ZrB<sub>2</sub>-Based “Brick-and-Mortar” Composites Achieving the Synergy of Superior Damage Tolerance and Ablation Resistance
Yehong Cheng, Yumin An, Yaxiong Liu, Qiang Wei, Wenbo Han, Xinghong Zhang, Peng Zhou, Chuncheng Wei, Ning Hu
Abstract
The intrinsic brittleness and poor damage tolerance of ultrahigh-temperature ceramics are the key obstacles to their engineering applications as nonablative thermal protection materials.
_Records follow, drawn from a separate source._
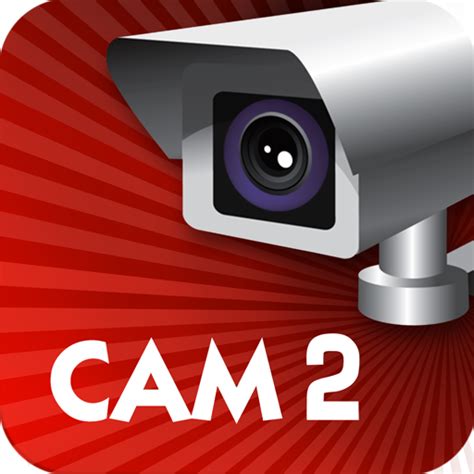 Updated Provision Cam 2 For Pc Mac Windows 7810 Free Download 2023
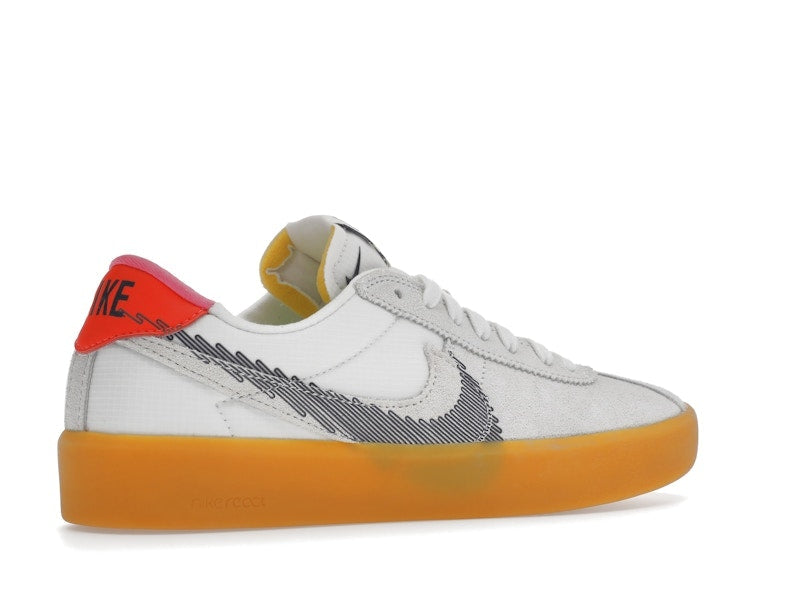Nike SB Bruin React T Rawdacious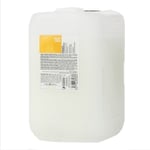 Shampoo Cheveux Secs Hydratante FANOLA shampoo Restructurate 10 Litres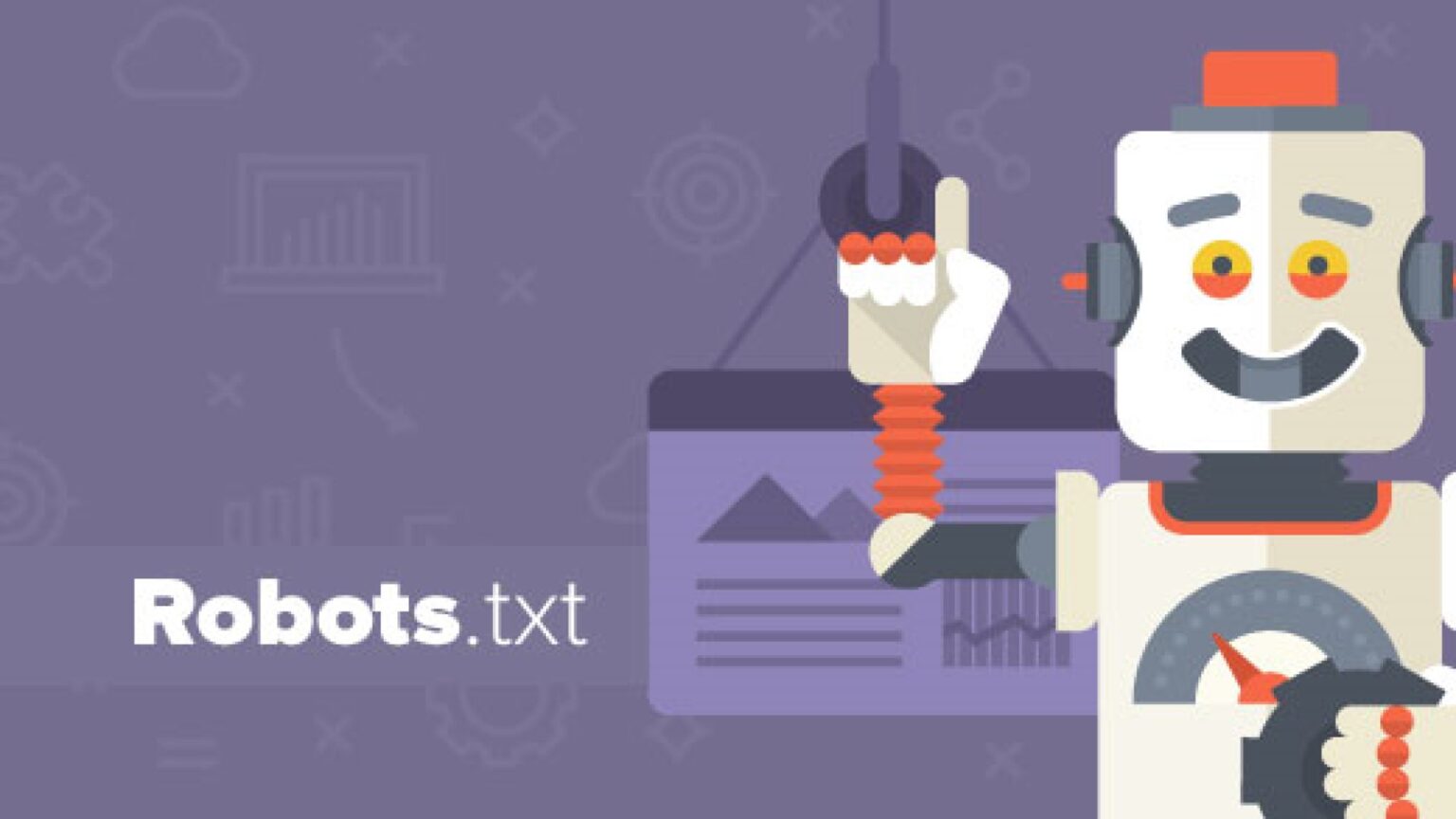 Robots.txt Dosyası Nedir Ne İşe Yarar (3)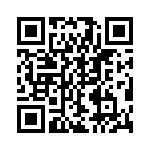 MMBZ5262BLT1 QRCode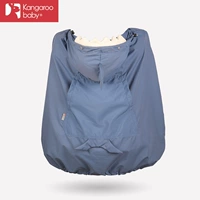 Весна и летняя маленькая акула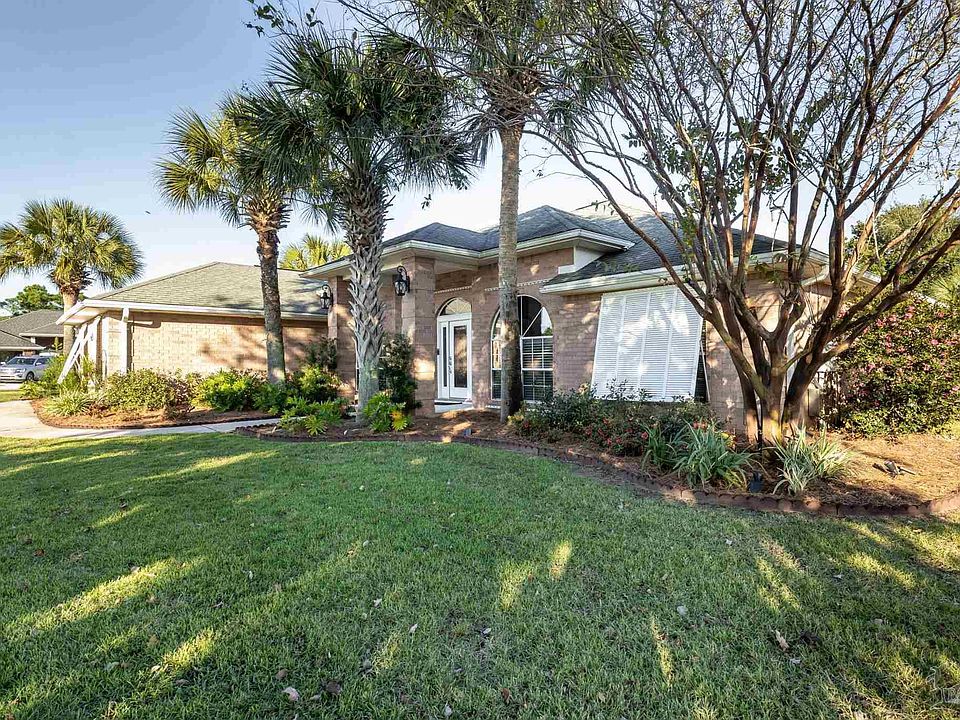 1st image of 1475 Woodlawn Way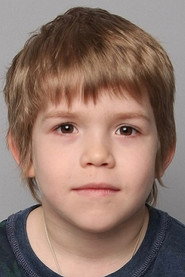 Севастьян Бугаев 头像
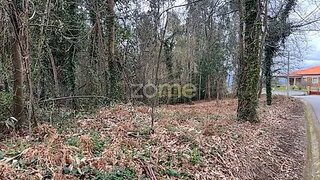 Land for sale in Ponte de Lima, Portugal — €250,000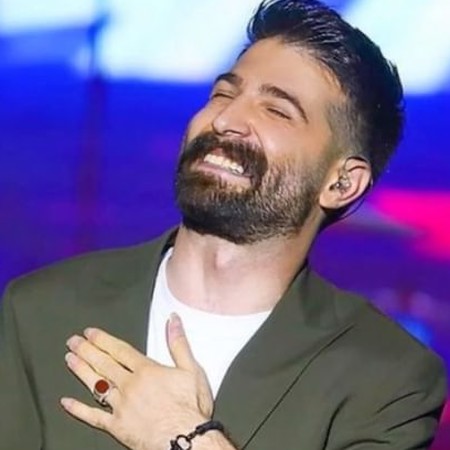 دانلود آهنگ حمید هیراد رخ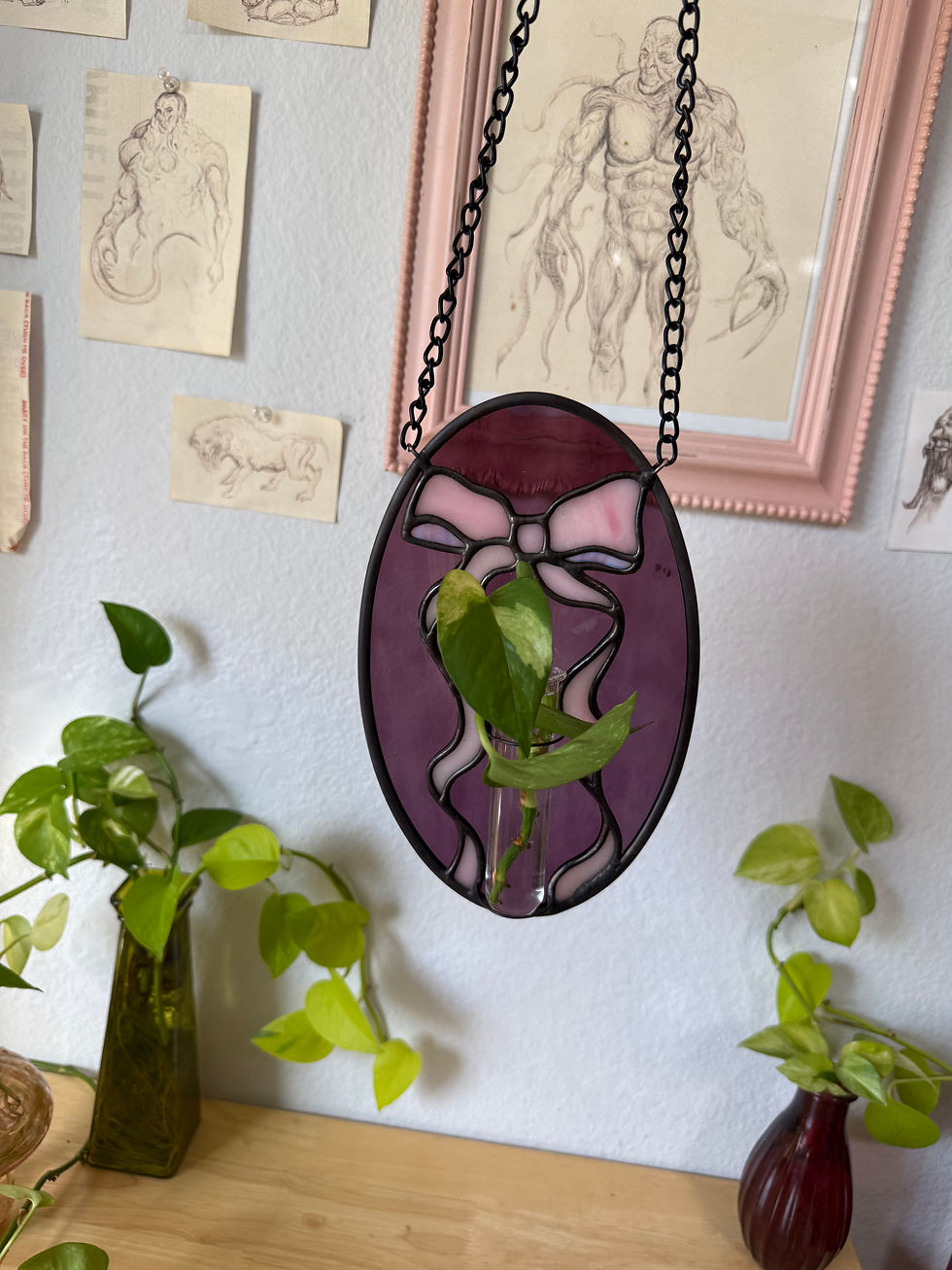 Thumbnail: Propagation Bow  $185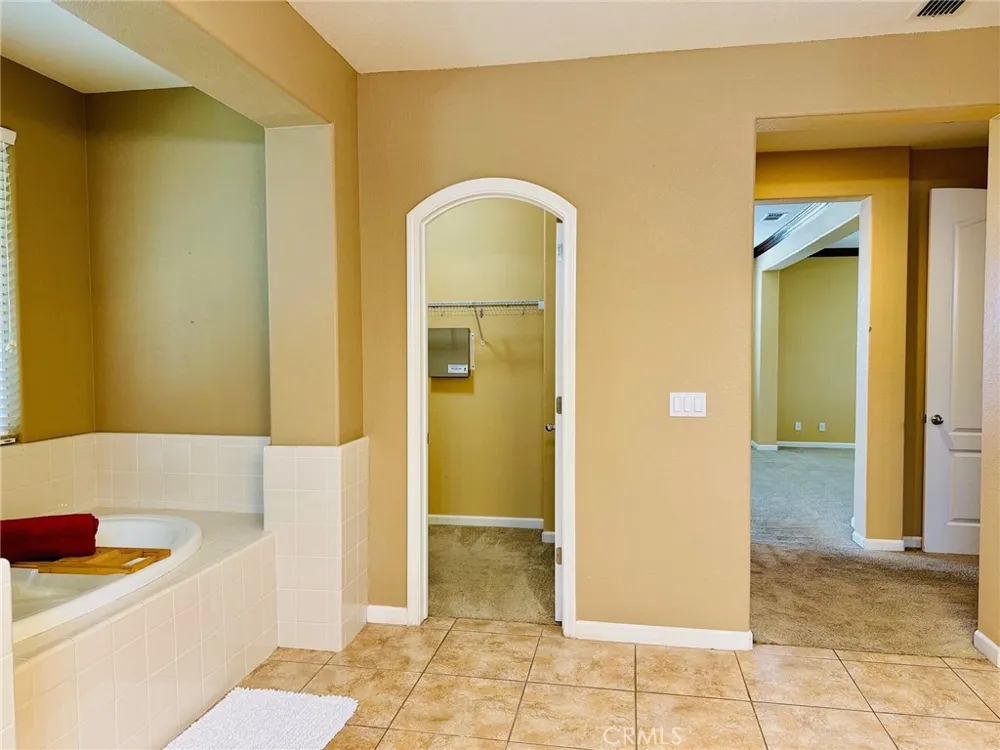 15185 Torrey Pines Circle Chowchilla, CA 93610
Biomimetic layered or “brick-and-mortar” hybrid composites composed of alternative strong/weak interfaces exhibit excellent strength and high toughness; however, the commonly used interfacial materials are weak and have poor thermal stability and ablation resistance, which strictly limit their use in high-temperature and oxidative environments. In this work, ZrB2-based “brick-and-mortar” hybrid ceramics were constructed with a hierarchical biomimetic design to improve the fracture resistance and damage tolerance. ZrB2–20vol %SiC ceramics containing 30 vol % reduced graphene oxide nanosheets were used as the weak interface to increase crack growth resistance without destroying the excellent ablation resistance. Finally, the ZrB2-based “brick-and-mortar” composites achieve the synergy of superior damage tolerance and ablation resistance.